Work order: All of the entries are to be printed exactly as they appear.

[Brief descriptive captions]
····················

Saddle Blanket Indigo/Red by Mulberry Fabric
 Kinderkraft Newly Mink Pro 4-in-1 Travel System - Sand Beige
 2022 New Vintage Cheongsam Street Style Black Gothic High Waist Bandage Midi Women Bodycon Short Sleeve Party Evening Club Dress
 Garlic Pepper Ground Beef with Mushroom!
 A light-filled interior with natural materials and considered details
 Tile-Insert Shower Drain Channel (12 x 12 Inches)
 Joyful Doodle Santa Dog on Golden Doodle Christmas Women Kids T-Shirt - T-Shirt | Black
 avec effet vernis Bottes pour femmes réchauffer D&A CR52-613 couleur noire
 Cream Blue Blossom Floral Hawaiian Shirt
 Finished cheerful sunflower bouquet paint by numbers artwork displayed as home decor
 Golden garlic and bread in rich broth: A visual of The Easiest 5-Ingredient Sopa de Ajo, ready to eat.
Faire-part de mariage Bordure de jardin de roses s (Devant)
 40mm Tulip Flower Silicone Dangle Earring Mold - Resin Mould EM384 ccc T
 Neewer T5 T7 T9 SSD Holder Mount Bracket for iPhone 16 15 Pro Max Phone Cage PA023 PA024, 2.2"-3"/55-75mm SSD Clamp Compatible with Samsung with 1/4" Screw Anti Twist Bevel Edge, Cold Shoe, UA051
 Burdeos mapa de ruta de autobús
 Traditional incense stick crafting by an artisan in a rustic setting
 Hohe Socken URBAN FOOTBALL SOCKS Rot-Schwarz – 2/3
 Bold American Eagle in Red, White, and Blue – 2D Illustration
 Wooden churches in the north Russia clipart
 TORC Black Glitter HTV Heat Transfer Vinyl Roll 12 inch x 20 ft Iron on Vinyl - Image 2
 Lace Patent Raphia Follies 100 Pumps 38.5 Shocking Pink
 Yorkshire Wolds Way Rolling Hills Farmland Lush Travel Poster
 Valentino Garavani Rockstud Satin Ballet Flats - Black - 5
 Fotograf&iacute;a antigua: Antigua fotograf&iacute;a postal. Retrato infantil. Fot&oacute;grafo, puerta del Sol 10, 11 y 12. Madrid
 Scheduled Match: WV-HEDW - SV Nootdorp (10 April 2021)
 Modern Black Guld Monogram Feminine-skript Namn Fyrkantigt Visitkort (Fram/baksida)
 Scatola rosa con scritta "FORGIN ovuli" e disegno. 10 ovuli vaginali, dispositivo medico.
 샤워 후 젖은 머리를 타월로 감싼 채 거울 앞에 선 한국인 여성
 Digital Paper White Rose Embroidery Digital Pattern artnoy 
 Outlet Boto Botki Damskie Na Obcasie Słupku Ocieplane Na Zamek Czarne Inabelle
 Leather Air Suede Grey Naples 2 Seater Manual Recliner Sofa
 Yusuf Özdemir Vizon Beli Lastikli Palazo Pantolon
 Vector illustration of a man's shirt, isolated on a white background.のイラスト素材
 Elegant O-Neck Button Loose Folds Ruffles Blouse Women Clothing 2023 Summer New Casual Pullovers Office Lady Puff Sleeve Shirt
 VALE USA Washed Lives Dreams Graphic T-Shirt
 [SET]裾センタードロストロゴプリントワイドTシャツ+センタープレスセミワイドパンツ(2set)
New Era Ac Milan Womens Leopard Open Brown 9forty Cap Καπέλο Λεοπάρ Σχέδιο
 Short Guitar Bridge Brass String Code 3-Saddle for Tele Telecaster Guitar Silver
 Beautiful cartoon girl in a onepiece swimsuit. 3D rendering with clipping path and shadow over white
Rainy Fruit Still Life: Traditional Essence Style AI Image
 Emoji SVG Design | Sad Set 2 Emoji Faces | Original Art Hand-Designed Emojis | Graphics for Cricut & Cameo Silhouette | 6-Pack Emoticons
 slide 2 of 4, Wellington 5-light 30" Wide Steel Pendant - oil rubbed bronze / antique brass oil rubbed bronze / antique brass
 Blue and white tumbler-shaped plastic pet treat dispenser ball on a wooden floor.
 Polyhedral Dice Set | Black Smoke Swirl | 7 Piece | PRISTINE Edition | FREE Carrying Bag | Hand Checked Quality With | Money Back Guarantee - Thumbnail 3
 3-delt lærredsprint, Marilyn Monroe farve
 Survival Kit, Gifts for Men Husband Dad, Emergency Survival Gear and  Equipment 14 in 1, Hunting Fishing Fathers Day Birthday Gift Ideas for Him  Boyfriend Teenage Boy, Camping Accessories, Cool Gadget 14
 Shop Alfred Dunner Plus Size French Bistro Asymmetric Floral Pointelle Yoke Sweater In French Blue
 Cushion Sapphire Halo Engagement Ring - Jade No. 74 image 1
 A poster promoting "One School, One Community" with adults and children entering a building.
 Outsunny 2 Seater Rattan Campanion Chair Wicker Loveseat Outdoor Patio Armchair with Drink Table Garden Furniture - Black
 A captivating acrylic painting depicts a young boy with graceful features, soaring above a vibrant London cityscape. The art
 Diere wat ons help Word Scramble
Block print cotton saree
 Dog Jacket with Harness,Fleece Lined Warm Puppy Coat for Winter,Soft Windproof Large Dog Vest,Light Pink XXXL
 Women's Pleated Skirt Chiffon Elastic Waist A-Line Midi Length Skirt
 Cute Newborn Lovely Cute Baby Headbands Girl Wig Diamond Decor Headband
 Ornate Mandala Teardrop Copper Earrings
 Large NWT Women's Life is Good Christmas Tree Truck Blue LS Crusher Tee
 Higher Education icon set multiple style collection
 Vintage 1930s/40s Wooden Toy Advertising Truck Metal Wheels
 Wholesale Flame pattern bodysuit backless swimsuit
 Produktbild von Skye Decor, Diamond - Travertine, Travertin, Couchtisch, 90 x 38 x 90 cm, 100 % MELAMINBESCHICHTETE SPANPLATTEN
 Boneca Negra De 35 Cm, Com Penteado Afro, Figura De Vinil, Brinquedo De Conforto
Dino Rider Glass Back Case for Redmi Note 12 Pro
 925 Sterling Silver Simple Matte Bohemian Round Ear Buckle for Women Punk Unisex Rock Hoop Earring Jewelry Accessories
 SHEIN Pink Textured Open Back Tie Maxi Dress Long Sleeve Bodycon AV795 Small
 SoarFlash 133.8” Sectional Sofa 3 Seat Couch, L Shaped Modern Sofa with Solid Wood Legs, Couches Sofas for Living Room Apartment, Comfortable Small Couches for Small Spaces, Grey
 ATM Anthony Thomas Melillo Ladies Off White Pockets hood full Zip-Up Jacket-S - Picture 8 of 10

····················

Response to the exercise:
Saddle Blanket Indigo/Red by Mulberry Fabric
 Kinderkraft Newly Mink Pro 4-in-1 Travel System - Sand Beige
 2022 New Vintage Cheongsam Street Style Black Gothic High Waist Bandage Midi Women Bodycon Short Sleeve Party Evening Club Dress
 Garlic Pepper Ground Beef with Mushroom!
 A light-filled interior with natural materials and considered details
 Tile-Insert Shower Drain Channel (12 x 12 Inches)
 Joyful Doodle Santa Dog on Golden Doodle Christmas Women Kids T-Shirt - T-Shirt | Black
 avec effet vernis Bottes pour femmes réchauffer D&A CR52-613 couleur noire
 Cream Blue Blossom Floral Hawaiian Shirt
 Finished cheerful sunflower bouquet paint by numbers artwork displayed as home decor
 Golden garlic and bread in rich broth: A visual of The Easiest 5-Ingredient Sopa de Ajo, ready to eat.
Faire-part de mariage Bordure de jardin de roses s (Devant)
 40mm Tulip Flower Silicone Dangle Earring Mold - Resin Mould EM384 ccc T
 Neewer T5 T7 T9 SSD Holder Mount Bracket for iPhone 16 15 Pro Max Phone Cage PA023 PA024, 2.2"-3"/55-75mm SSD Clamp Compatible with Samsung with 1/4" Screw Anti Twist Bevel Edge, Cold Shoe, UA051
 Burdeos mapa de ruta de autobús
 Traditional incense stick crafting by an artisan in a rustic setting
 Hohe Socken URBAN FOOTBALL SOCKS Rot-Schwarz – 2/3
 Bold American Eagle in Red, White, and Blue – 2D Illustration
 Wooden churches in the north Russia clipart
 TORC Black Glitter HTV Heat Transfer Vinyl Roll 12 inch x 20 ft Iron on Vinyl - Image 2
 Lace Patent Raphia Follies 100 Pumps 38.5 Shocking Pink
 Yorkshire Wolds Way Rolling Hills Farmland Lush Travel Poster
 Valentino Garavani Rockstud Satin Ballet Flats - Black - 5
 Fotograf&iacute;a antigua: Antigua fotograf&iacute;a postal. Retrato infantil. Fot&oacute;grafo, puerta del Sol 10, 11 y 12. Madrid
 Scheduled Match: WV-HEDW - SV Nootdorp (10 April 2021)
 Modern Black Guld Monogram Feminine-skript Namn Fyrkantigt Visitkort (Fram/baksida)
 Scatola rosa con scritta "FORGIN ovuli" e disegno. 10 ovuli vaginali, dispositivo medico.
 샤워 후 젖은 머리를 타월로 감싼 채 거울 앞에 선 한국인 여성
 Digital Paper White Rose Embroidery Digital Pattern artnoy 
 Outlet Boto Botki Damskie Na Obcasie Słupku Ocieplane Na Zamek Czarne Inabelle
 Leather Air Suede Grey Naples 2 Seater Manual Recliner Sofa
 Yusuf Özdemir Vizon Beli Lastikli Palazo Pantolon
 Vector illustration of a man's shirt, isolated on a white background.のイラスト素材
 Elegant O-Neck Button Loose Folds Ruffles Blouse Women Clothing 2023 Summer New Casual Pullovers Office Lady Puff Sleeve Shirt
 VALE USA Washed Lives Dreams Graphic T-Shirt
 [SET]裾センタードロストロゴプリントワイドTシャツ+センタープレスセミワイドパンツ(2set)
New Era Ac Milan Womens Leopard Open Brown 9forty Cap Καπέλο Λεοπάρ Σχέδιο
 Short Guitar Bridge Brass String Code 3-Saddle for Tele Telecaster Guitar Silver
 Beautiful cartoon girl in a onepiece swimsuit. 3D rendering with clipping path and shadow over white
Rainy Fruit Still Life: Traditional Essence Style AI Image
 Emoji SVG Design | Sad Set 2 Emoji Faces | Original Art Hand-Designed Emojis | Graphics for Cricut & Cameo Silhouette | 6-Pack Emoticons
 slide 2 of 4, Wellington 5-light 30" Wide Steel Pendant - oil rubbed bronze / antique brass oil rubbed bronze / antique brass
 Blue and white tumbler-shaped plastic pet treat dispenser ball on a wooden floor.
 Polyhedral Dice Set | Black Smoke Swirl | 7 Piece | PRISTINE Edition | FREE Carrying Bag | Hand Checked Quality With | Money Back Guarantee - Thumbnail 3
 3-delt lærredsprint, Marilyn Monroe farve
 Survival Kit, Gifts for Men Husband Dad, Emergency Survival Gear and  Equipment 14 in 1, Hunting Fishing Fathers Day Birthday Gift Ideas for Him  Boyfriend Teenage Boy, Camping Accessories, Cool Gadget 14
 Shop Alfred Dunner Plus Size French Bistro Asymmetric Floral Pointelle Yoke Sweater In French Blue
 Cushion Sapphire Halo Engagement Ring - Jade No. 74 image 1
 A poster promoting "One School, One Community" with adults and children entering a building.
 Outsunny 2 Seater Rattan Campanion Chair Wicker Loveseat Outdoor Patio Armchair with Drink Table Garden Furniture - Black
 A captivating acrylic painting depicts a young boy with graceful features, soaring above a vibrant London cityscape. The art
 Diere wat ons help Word Scramble
Block print cotton saree
 Dog Jacket with Harness,Fleece Lined Warm Puppy Coat for Winter,Soft Windproof Large Dog Vest,Light Pink XXXL
 Women's Pleated Skirt Chiffon Elastic Waist A-Line Midi Length Skirt
 Cute Newborn Lovely Cute Baby Headbands Girl Wig Diamond Decor Headband
 Ornate Mandala Teardrop Copper Earrings
 Large NWT Women's Life is Good Christmas Tree Truck Blue LS Crusher Tee
 Higher Education icon set multiple style collection
 Vintage 1930s/40s Wooden Toy Advertising Truck Metal Wheels
 Wholesale Flame pattern bodysuit backless swimsuit
 Produktbild von Skye Decor, Diamond - Travertine, Travertin, Couchtisch, 90 x 38 x 90 cm, 100 % MELAMINBESCHICHTETE SPANPLATTEN
 Boneca Negra De 35 Cm, Com Penteado Afro, Figura De Vinil, Brinquedo De Conforto
Dino Rider Glass Back Case for Redmi Note 12 Pro
 925 Sterling Silver Simple Matte Bohemian Round Ear Buckle for Women Punk Unisex Rock Hoop Earring Jewelry Accessories
 SHEIN Pink Textured Open Back Tie Maxi Dress Long Sleeve Bodycon AV795 Small
 SoarFlash 133.8” Sectional Sofa 3 Seat Couch, L Shaped Modern Sofa with Solid Wood Legs, Couches Sofas for Living Room Apartment, Comfortable Small Couches for Small Spaces, Grey
 ATM Anthony Thomas Melillo Ladies Off White Pockets hood full Zip-Up Jacket-S - Picture 8 of 10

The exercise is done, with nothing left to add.